Op die manier is getracht om tot een nadere invulling van het begrip “verwaarloosd schip” te komen en worden concretere handvatten aangereikt om te kunnen handhaven.

V - Aan artikel 11 lid 2 (intrekkingsgronden) wordt een nieuw sublid toegevoegd dat als volgt luidt:

e.indien sprake is van een verwaarloosd schip als omschreven in artikel 1 onder p.

Toelichting: Op grond van artikel 11 lid 1 sub b was het in feite al mogelijk om een vergunning in te trekken wanneer een schip na vergunningverlening door de tijd heen was afgegleden in een toestand van verwaarlozing. Omdat het oude artikel 1 onder o echter sterk uitgebreid is ten opzichte van de Verordening openbaar vaarwater 2006, is er om die reden voor gekozen om het begrip “verwaarloosd schip” als specifiek benoemde intrekkingsgrond op te nemen. Bovendien wordt zo aansluiting gezocht met het al bestaande artikel 10 lid 1 onder n, waarbij voor de weigeringsgronden van een vergunning wel specifiek werd verwezen naar verwaarloosde schepen.

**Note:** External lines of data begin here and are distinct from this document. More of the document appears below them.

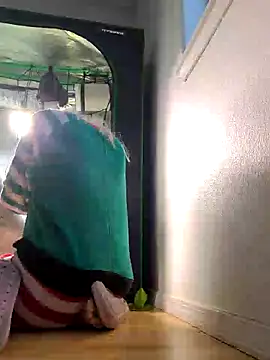 ScarletCallings420 online show from 02-25-25, 05:47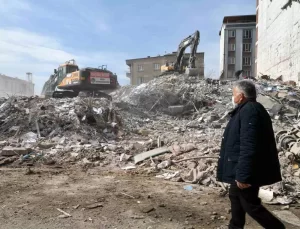 Kayseri Büyükşehir Belediye Başkanı Büyükkılıç’tan Deprem Mesajı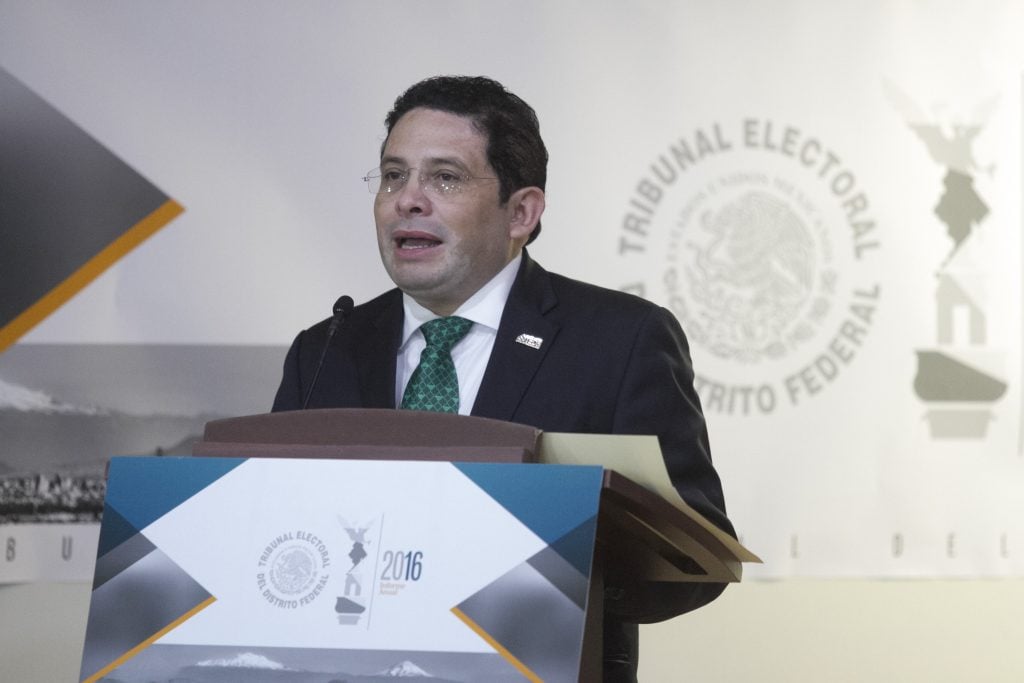 Armando Hernández Cruz, magistrado presidente del Tribunal Electoral del Distrito Federal. CUARTOSCURO.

VI - Artikel 10 lid 1 onder n (weigeringsgronden) komt als volgt te luiden:

n. het schip waarvoor vergunning wordt gevraagd, verwaarloosd is, zoals omschreven in artikel 1 onder p.

Toelichting: Met de toevoeging “zoals omschreven in artikel 1 onder p” is voor eenieder duidelijk dat het gaat om de begripsomschrijving en de daarin geformuleerde criteria van een verwaarloosd schip van artikel 1 onder p.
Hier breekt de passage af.